Además, el peso emocional de aquel 7 de febrero de 2023 sigue presente en la memoria colectiva de los aficionados. No fue solo un récord; fue el relevo de una antorcha entre dos gigantes que personifican la dignidad dentro y fuera de la duela. La verdad es que la imagen de Kareem entregando el balón a LeBron en el centro de la cancha sigue siendo, tres años después, el símbolo de un respeto que trasciende las rivalidades de equipo. Es una analogía perfecta de lo que el deporte debería ser: una escalera donde cada generación se apoya en los hombros de la anterior para alcanzar nuevas alturas.
El legado en la era de los nuevos gigantes
En este 2026, donde una nueva camada de talentos —liderada por figuras que apenas eran niños cuando LeBron ya era una estrella— domina la liga, el récord de anotación se mantiene como un faro de excelencia. Y es que la métrica del éxito ha cambiado. Ya no solo se busca el brillo fugaz, sino la permanencia que James ha institucionalizado. Es por ello que cada vez que un joven talento anota cuarenta puntos en una noche, la comparación con la regularidad de «The King» surge de forma inevitable. La verdad es que LeBron no solo batió un récord; estableció un estándar de profesionalismo que ha obligado a toda la liga a elevar sus protocolos de cuidado y preparación.
Lo cierto es que el impacto de LeBron James va mucho más allá de las canastas convertidas. Su influencia en la cultura del baloncesto, su capacidad para empoderar a otros jugadores y su visión para los negocios han convertido su figura en una institución global. Sin embargo, cuando el ruido de los negocios y la mercadotecnia se apaga, lo que queda es la pureza de aquel tiro en 2023. Aquella parábola perfecta que nos recordó que el tiempo, aunque implacable, puede ser negociado por aquellos que poseen una voluntad inquebrantable.
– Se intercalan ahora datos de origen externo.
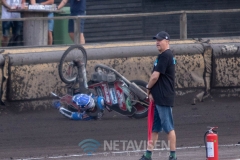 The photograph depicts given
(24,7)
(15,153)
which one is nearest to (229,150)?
(15,153)

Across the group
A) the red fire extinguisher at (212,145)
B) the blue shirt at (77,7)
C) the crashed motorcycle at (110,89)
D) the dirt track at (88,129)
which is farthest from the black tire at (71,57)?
the red fire extinguisher at (212,145)

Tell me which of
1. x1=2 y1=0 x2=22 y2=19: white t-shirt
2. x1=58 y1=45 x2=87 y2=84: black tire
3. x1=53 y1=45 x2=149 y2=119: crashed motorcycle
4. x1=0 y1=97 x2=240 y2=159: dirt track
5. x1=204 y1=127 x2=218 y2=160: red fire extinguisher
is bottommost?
x1=0 y1=97 x2=240 y2=159: dirt track

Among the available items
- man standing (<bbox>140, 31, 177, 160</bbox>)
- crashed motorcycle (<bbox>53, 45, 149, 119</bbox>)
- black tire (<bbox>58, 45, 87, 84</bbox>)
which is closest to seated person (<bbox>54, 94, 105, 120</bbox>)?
crashed motorcycle (<bbox>53, 45, 149, 119</bbox>)

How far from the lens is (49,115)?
1184cm

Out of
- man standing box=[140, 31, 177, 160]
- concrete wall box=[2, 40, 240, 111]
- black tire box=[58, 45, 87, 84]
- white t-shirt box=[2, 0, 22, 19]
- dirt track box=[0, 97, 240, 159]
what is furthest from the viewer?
white t-shirt box=[2, 0, 22, 19]

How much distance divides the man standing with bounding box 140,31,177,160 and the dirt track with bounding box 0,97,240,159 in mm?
1289

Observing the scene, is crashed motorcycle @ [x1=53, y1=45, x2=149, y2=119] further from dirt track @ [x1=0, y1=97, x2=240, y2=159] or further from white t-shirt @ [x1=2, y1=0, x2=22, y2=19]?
white t-shirt @ [x1=2, y1=0, x2=22, y2=19]

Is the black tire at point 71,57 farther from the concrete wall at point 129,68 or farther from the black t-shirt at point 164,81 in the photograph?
the black t-shirt at point 164,81

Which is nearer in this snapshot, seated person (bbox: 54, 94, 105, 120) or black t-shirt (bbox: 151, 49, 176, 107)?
black t-shirt (bbox: 151, 49, 176, 107)

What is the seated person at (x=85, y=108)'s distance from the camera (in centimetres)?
1080

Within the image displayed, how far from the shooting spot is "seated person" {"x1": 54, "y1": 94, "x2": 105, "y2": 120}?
10805 mm

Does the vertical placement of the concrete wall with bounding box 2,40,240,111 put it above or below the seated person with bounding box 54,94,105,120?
above

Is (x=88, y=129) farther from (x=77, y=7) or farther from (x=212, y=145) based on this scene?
(x=77, y=7)

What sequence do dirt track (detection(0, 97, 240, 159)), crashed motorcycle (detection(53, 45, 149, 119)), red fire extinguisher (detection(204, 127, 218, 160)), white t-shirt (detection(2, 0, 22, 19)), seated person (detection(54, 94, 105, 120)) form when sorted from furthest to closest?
1. white t-shirt (detection(2, 0, 22, 19))
2. crashed motorcycle (detection(53, 45, 149, 119))
3. seated person (detection(54, 94, 105, 120))
4. dirt track (detection(0, 97, 240, 159))
5. red fire extinguisher (detection(204, 127, 218, 160)) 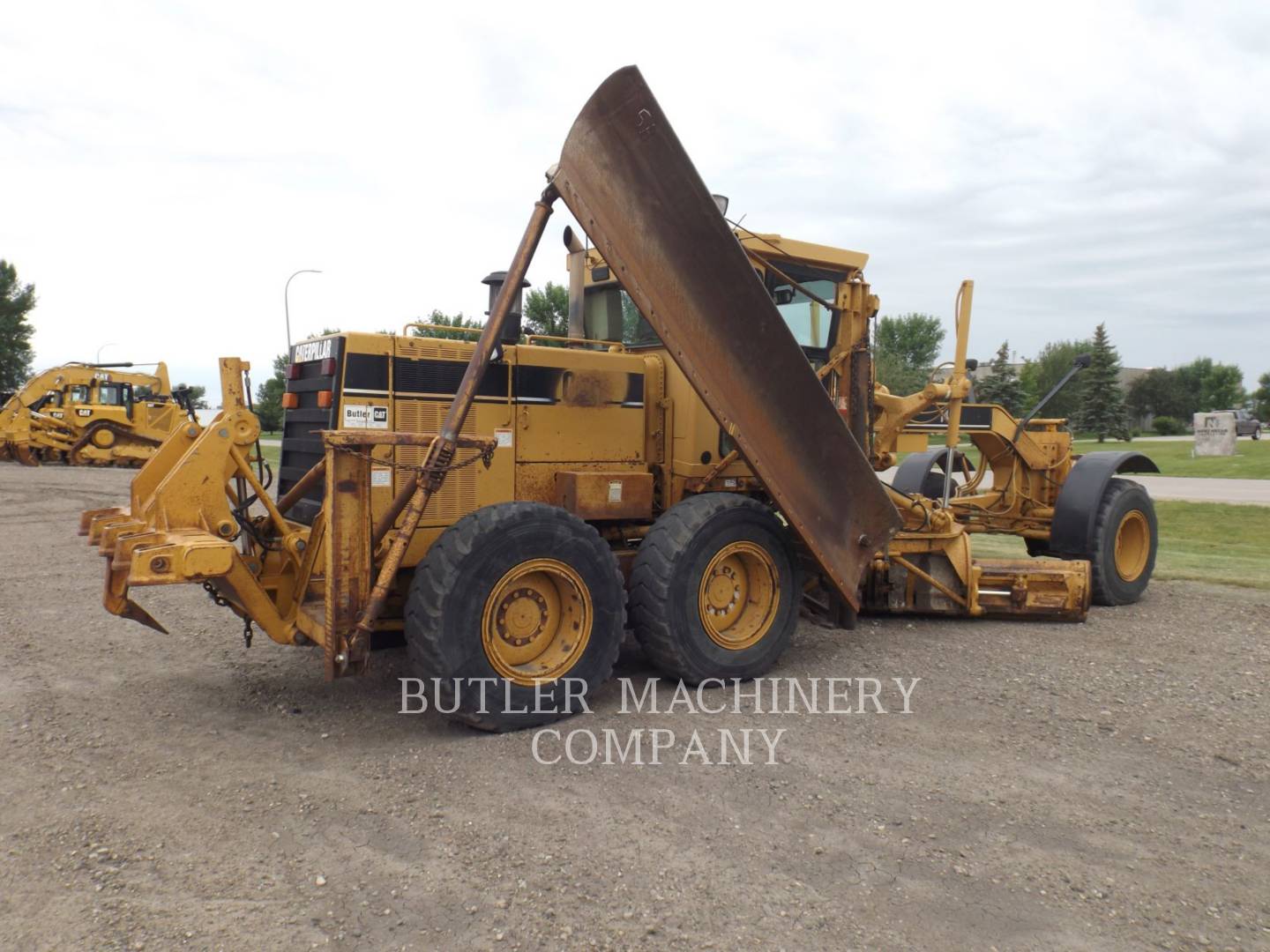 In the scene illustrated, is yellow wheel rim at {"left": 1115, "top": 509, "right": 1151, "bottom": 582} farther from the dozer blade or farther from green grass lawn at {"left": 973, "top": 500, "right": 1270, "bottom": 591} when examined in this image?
the dozer blade

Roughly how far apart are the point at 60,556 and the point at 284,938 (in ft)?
30.5

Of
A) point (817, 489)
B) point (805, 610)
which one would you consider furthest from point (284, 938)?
point (805, 610)

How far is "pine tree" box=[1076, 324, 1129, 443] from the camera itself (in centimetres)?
4753

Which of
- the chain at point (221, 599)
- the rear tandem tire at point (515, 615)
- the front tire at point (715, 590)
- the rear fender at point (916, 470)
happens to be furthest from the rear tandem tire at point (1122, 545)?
the chain at point (221, 599)

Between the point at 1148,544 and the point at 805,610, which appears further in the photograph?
the point at 1148,544

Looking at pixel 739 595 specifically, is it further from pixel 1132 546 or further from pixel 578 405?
pixel 1132 546

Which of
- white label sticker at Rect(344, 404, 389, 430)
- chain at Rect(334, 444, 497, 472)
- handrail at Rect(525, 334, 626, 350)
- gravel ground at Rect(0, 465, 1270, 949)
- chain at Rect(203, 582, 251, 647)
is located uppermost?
handrail at Rect(525, 334, 626, 350)

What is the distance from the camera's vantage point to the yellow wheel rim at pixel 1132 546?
8469mm

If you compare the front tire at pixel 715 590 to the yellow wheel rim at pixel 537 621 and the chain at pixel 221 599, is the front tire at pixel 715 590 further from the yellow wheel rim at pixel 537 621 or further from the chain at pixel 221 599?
the chain at pixel 221 599

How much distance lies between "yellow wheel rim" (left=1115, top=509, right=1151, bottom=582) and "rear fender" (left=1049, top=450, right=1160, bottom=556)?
0.46m

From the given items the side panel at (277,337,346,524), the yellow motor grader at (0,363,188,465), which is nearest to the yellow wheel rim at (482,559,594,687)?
the side panel at (277,337,346,524)

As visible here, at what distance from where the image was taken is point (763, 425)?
5551mm

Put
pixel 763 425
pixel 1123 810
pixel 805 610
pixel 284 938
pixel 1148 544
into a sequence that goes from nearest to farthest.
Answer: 1. pixel 284 938
2. pixel 1123 810
3. pixel 763 425
4. pixel 805 610
5. pixel 1148 544

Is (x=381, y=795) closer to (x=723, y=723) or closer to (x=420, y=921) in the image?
(x=420, y=921) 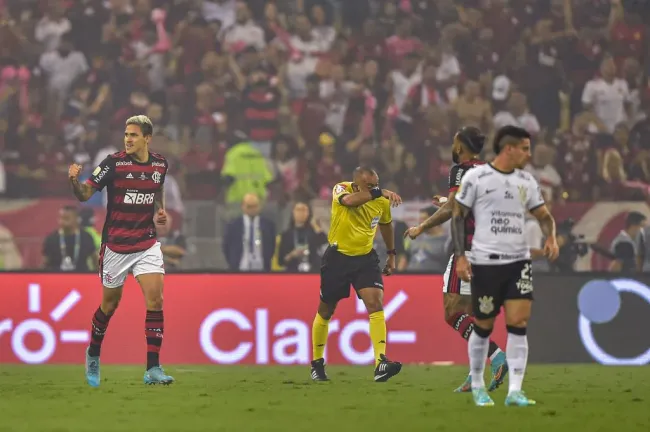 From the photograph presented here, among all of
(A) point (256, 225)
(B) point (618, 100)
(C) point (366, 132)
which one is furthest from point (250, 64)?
(B) point (618, 100)

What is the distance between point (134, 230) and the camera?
1073cm

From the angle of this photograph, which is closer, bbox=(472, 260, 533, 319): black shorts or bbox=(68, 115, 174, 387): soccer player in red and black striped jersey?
bbox=(472, 260, 533, 319): black shorts

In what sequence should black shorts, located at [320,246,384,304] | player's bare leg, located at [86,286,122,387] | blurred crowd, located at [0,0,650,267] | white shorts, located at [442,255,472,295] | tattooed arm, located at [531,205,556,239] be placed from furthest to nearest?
blurred crowd, located at [0,0,650,267], black shorts, located at [320,246,384,304], player's bare leg, located at [86,286,122,387], white shorts, located at [442,255,472,295], tattooed arm, located at [531,205,556,239]

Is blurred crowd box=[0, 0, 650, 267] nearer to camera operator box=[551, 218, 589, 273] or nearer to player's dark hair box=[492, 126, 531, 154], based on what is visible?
camera operator box=[551, 218, 589, 273]

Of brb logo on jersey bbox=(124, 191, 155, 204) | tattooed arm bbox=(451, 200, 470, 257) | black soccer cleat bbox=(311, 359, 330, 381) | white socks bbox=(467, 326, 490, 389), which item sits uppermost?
brb logo on jersey bbox=(124, 191, 155, 204)

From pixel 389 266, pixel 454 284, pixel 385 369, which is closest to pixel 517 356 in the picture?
pixel 454 284

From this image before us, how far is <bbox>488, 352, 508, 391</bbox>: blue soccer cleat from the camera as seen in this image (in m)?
9.88

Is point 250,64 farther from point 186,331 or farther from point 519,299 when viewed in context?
point 519,299

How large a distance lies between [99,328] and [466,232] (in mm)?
3489

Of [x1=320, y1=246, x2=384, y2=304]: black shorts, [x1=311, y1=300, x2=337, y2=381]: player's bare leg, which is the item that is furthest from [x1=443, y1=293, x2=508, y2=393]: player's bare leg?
[x1=311, y1=300, x2=337, y2=381]: player's bare leg

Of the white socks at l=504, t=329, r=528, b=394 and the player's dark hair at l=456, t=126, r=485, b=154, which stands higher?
the player's dark hair at l=456, t=126, r=485, b=154

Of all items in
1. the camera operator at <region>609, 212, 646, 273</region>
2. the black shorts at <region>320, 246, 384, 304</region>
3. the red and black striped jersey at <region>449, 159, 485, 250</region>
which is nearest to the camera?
the red and black striped jersey at <region>449, 159, 485, 250</region>

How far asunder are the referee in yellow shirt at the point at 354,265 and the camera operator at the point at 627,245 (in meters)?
5.04

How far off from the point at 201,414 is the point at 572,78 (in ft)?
46.0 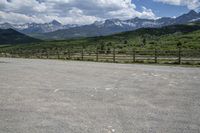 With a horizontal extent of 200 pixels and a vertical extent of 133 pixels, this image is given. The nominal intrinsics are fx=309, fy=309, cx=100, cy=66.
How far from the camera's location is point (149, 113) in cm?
828

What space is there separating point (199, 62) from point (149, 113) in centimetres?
2265

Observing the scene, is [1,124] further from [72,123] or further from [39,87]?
[39,87]

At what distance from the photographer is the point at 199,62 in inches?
1156

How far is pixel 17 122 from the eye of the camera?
7371 mm

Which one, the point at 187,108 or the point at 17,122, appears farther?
the point at 187,108

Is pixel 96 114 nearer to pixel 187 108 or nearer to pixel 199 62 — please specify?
pixel 187 108

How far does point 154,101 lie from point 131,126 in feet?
9.95

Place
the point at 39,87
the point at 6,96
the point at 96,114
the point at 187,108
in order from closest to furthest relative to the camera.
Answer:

Al final del día, este aniversario nos invita a la pausa y al asombro. Celebrar los tres años del récord es reconocer que la grandeza no es un evento fortuito, sino una construcción diaria hecha de sudor, sacrificio y una ambición que no conoce el descanso. James sigue ahí, con la corona firme, recordándonos que los límites solo existen para quienes no tienen el coraje de desafiarlos. La verdad es que, en la historia de la NBA, habrá muchos anotadores brillantes, pero difícilmente volveremos a ver a alguien que trate al tiempo con tanta familiaridad y respeto. Este sábado, el trono sigue ocupado, y el rugido de aquel 7 de febrero de 2023 todavía nos pone la piel de gallina.